- DVD cover
- Directed by: Rajendra Kumar Arya
- Written by: Rajendra Kumar Arya (dialogue)
- Screenplay by: Rajendra Kumar Arya
- Story by: K. Shivaram
- Produced by: M. Ravi
- Starring: K. Shivaram Vijayalakshmi
- Cinematography: R. C. Mapakshi
- Edited by: Shyam
- Music by: V. Manohar
- Release date: 26 February 1999;
- Country: India
- Language: Kannada

= Pratibhatane =

Pratibhatane is a 1999 Indian Kannada-language drama film directed by Rajendra Kumar Arya and starring K. Shivaram and Vijayalakshmi.

== Cast ==
- K. Shivaram as Basava
- Vijayalakshmi as Sudha
- Kanchana
- Keerthiraj
- Shani Mahadevappa
- Honnavalli Krishna
- Vaijanath Biradar
- Karibasavaiah

== Soundtrack ==
The music was composed by V. Manohar. The lyrics are written by K. G. Prasad, V. Manohar, and Siddalingaiah.
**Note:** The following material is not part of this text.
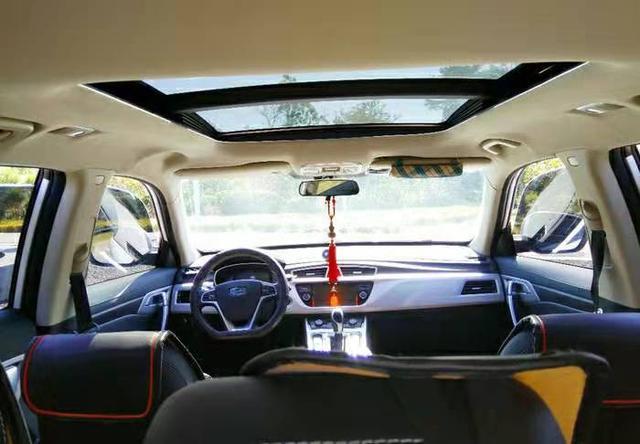 吉利帝豪好还是吉利博越好,吉利博越和吉利帝豪比较哪款好呢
The song "Hasuvina" written by Siddalingaiah, under the pseudonym of Aditya, (Note: Siddalingaiah was a dalit and didn't want to get accused of getting lured by the commercial film industry.) was reportedly a "smash hit" and won the Karnataka State Film Award for Best Lyricist.

Track listing
| No. | Title | Singer(s) | Length |
|---|---|---|---|
| 1. | "Chori Chori" | Rajesh Krishnan, K. S. Chithra | 4:09 |
| 2. | "Baale Naviloora" | Rajesh Krishnan, K. S. Chithra | 4:24 |
| 3. | "Hasuvina" | Rajesh Krishnan | 4:44 |
| 4. | "Sarasakke Baare" | Rajesh Krishnan, K. S. Chithra | 4:27 |
| 5. | "Varadakshine" | Rajesh Krishnan | 4:28 |
| Total length: |  |  | 22:12 |

== Reception ==
Srikanth Srinivasa of Deccan Herald wrote that "Director Rajendra Arya has given a clean social film with he himself pitching in with a good performance. V Manohar is back with a bang, with a good musical score. The editing could have been tighter".